Budnyk was about midway through his iconic coaching career when I arrived in 1981. And although I spent just one year covering high school sports that was enough to develop a relationship, both as a reporter and friend, with one of the most legendary coaches in the state of Florida that lasted for more than four decades.

Budnyk died Friday, July 17, having impacted more athletes and students than perhaps any other in our county’s history. He was 92.

“Not only is he obviously a great coach, but a role model and how much he inspired kids,” said Cardinal Newman football coach Jack Daniels. “He shaped so many people’s lives.

“Just a sad loss.”

Sam Budnyk impacted thousands of young people as a coach, educator

To call Sam Budnyk a football coach would be a disservice. He had a profound impact on thousands of boys and girls. Men and women. Athletes and students who came through Cardinal Newman since 1961, and St. Ann Catholic School before that.

Yes, Budynk was extraordinary at the job that highlights his athletic resume; winning 278 games and sending more than 150 players to NCAA Division I programs on scholarship, including four who reached the National Football League, in 46 years as football coach at Cardinal Newman. But he was as successful coaching young men and women in softball, track and field, basketball and golf. Budnyk was on the sideline for well more than 1,000 games in his career,  winning 954. Few resumes in the country can compete with Budynk’s.

The football and softball fields at Cardinal Newman are dedicated in Budnyk’s honor.

But beyond that, Budnyk was a devout Catholic. A husband, father, grandfather and great grandfather. An educator, a mentor and a leader.

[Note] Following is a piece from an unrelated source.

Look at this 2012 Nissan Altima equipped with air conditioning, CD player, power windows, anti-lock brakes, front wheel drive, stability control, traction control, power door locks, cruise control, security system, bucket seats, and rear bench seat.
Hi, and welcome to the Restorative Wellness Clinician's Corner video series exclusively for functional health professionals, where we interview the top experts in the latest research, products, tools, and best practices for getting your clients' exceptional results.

This written about Budnyk on the Cardinal Newman Facebook page:

“Coach Budnyk dedicated his life to shaping generations of Crusaders, not only as an extraordinary coach but as a mentor, teacher, and friend. His impact on our school, our students, and our community will never be forgotten.”

Budnyk coached with the compassion of a parent and the discipline of an ex-Marine, which he was.

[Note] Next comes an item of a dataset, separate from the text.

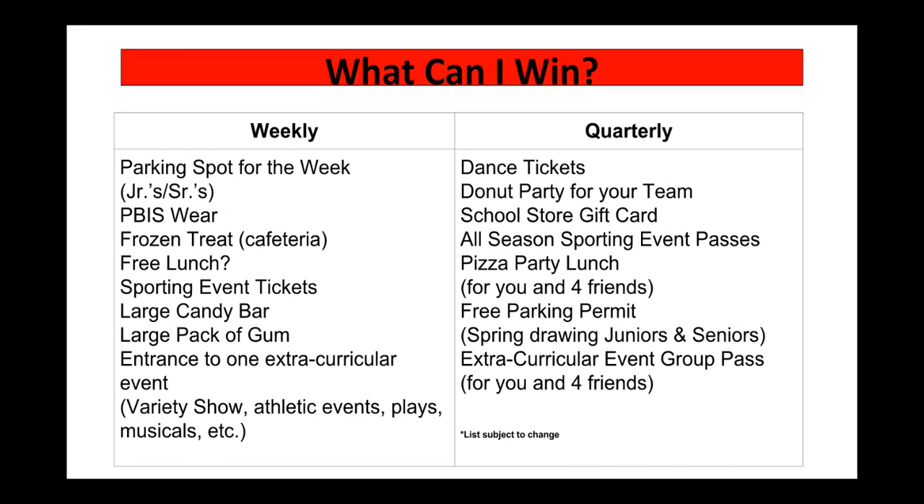So many of you have been asking, what can I win? Well, there are two different ways to win — through a weekly drawing or through a quarterly drawing. Take a second to look at all of the amazing prizes that you could win simply for earning and submitting your Bulldog Bucks. Which would you choose?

He was tough and demanding. He was soft and caring. He didn’t judge his players or his students.

“He wasn’t a guy that you go knock on his door and just shoot the (breeze) with,” said John Carney, a kicker and punter for Budnyk at Newman before graduating from Notre Dame and spending 23 seasons in the NFL.

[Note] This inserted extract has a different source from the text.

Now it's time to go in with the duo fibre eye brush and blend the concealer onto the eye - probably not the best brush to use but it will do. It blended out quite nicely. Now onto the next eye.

“He held this aura around him that if you’re going to speak with him, it better be something important. You better have your thoughts together, you don’t want to waste his time talking small talk. And he’s going to give you a great answer that’s going to be wrapped with experience and wisdom.

“You took away from that program lessons in commitment, perseverance, teamwork, toughness, grit. Coach Budnyk was a great mentor and leader.”

Carney, 62, mentors and coaches kickers at a year-round program in Carlsbad, California. But his career may have taken a much different turn if not for the persistence of Budnyk, who was doing what he did best … looking out for one of his own.

Gerry Faust was recruiting Newman running back Alonzo Jefferson and stopped by the West Palm Beach school when Budnyk “kept elbowing” the Notre Dame coach to remind him he had a kicker/punter who could help his program.

“(Faust) said, ‘You know what? We got Alonzo. We’re really excited we got one of the top running backs in the nation and the top running back in the state of Florida, so we’ll take your kicker/punter as a preferred walk-on,'” Carney said.

“I was thrilled. It was his encouragement and perseverance towards the recruiters and Gerry Faust that finally worked.”

Remembering Sam Budnyk as a pioneer, visionary

Something else Sam Budynk was … a pioneer and visionary.

In 1965 he hired the first African American assistant football coach at a private school in Florida. Two years later, he and Ben McCoy, the coach at Kennedy High School in Riviera Beach, scheduled the first game in Palm Beach County between a predominantly Black school and a predominantly white school.

This was more than 13 years after the Supreme Court ruled racial segregation in schools unconstitutional, and three years before federal courts ordered the desegregation of Palm Beach County public schools. One historian and activist calls it “one of the most important events probably in the state of Florida and the South.”

“To this day, we’re so proud of that,” Budnyk told me four years ago.

And in 1973, Budnyk was recognized by the National Organization for Women after allowing the first girl in Palm Beach County to compete in varsity track and field.

Bill Davis, an emeritus director of the Palm Beach County Sports Commission, said Budnyk was one of those people who “made it very easy for this community to accept things that were different to them. They were used to seeing things you didn’t see in the normal South. They literally changed the direction of our community.”

Davis, 80, met Budynk the summer before he started high school when he was at Currie Park in West Palm Beach. “This man showed up and started telling us the things we needed to do and get it right,” Davis said. “He taught us more in four hours we knew in our lifetime.”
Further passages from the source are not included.